A subset of her data is available here where each row is a unique article, and each column is field describing some of the metadata for that article. Can you determine anything about what broad patterns are in them? Not really, eh? Not without reading and making notes on every single row. So let’s take a distant read instead.
- Now, Voyant can read one row at a time in a table, and consider it a unique document - if the table is in Microsoft Excel format. I converted that csv to xlsx and I’ve made it available for you here. Right-click on that link, and ‘copy link location’. At Voyant Tools paste that link in the ‘Add Texts’ box but don’t hit ‘Reveal’ yet.
- Click on the options button at the top right. We have to tell Voyant how to parse our table. We are going to tell it that we are uploading a table by making changes under the ‘tables’ option. The newspaper articles themselves are in the 10th column of our spreadsheet, while the author metadata is in the 2nd column (the name of the newspaper) and the ‘title’ we’ll create by combining the date columns (which are the 6th, 7th, and 8th columns). Thus, enter
10
in content,2
in author, and6+7+8
for title.
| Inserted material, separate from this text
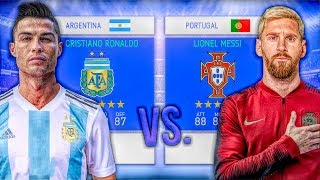Argentinian RONALDO vs. Portuguese MESSI - FIFA 19 Career Mode Experiment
This way, Voyant will read each row as a separate document, with useful metadata.
- Hit ‘ok’ and then hit ‘reveal’. You should see something rather like this:
- Make a note of your corpus id; you’ll find it in the URL, after the
?corpus=
. Here’s the URL for the version I made:https://voyant-tools.org/?corpus=ea1868d7f1fbece8f0f5538c23a3128e
. You can return to your corpus or share your corpus with someone else by giving them that URL. As you explore Voyant, note how the URL changes to reflect the name of the tool, and the settings you applied. You’ll notice too that if you mouse over the title bar for the different sections, an export option will appear, everything from a url to the html to embed the whole tool and data in a website.
Explore the Newspaper Corpus
Before you explore, make a note of some of the questions you might like to ask, knowing what you know about how this corpus was put together, and what you think you might know about how Britain regarded its colonies in the 18th and 19th centuries.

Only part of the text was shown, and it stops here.